TG: I have quite a few things on my to-do list and I hope to get to them when I retire from my day job. I’d like to do some more ensemble arrangements and put some of the contemporary tunes into a book. Maybe I’ll give that another shot.
JL: What kind of dulcimers do you play?
TG: My first dulcimer (the gift in the closet) was a Korean dulcimer that didn’t even have the frets in the right place. Then I met Jerry Rockwell and fell in love with his instruments because I liked having a deeper sound. The soundbox is unusually deep, almost 3 inches. I have two of his: a standard and a baritone.

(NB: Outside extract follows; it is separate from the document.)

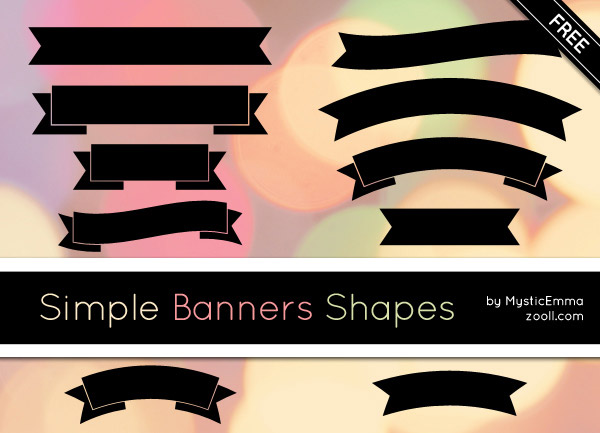 Simple Banners
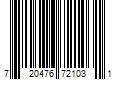 Barcode Image for UPC code 720476721031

They are my primary ones.
The dulcimer I use for workshops is an old FolkRoots instrument, an old Rugg and Jackel. That too has a pretty deep soundbox.
JL: Who do you listen to these days?
TG: I don’t listen to a lot of dulcimer music. However the folks that I’m in awe of are Steve Seifert, Aaron O’Rourke, Janita Baker, and I love the stuff that Bing Futch is doing with Blues. I like hearing people do different things on the dulcimer. Sara Morgan is just incredible. Sam Edelston is another one. I really like hearing people pushing the envelope with the instrument. But as far as CDs I listen to in my car, it’s all different artists. I like to get inspired by different genres of music. Then I see if I can take what they do and adapt it to the dulcimer.
JL: Great talking to you Tull. I’ve enjoyed learning more about you and I’ll see you at KMW the week of June 24th.
Learn more about Tull Glazener at his website.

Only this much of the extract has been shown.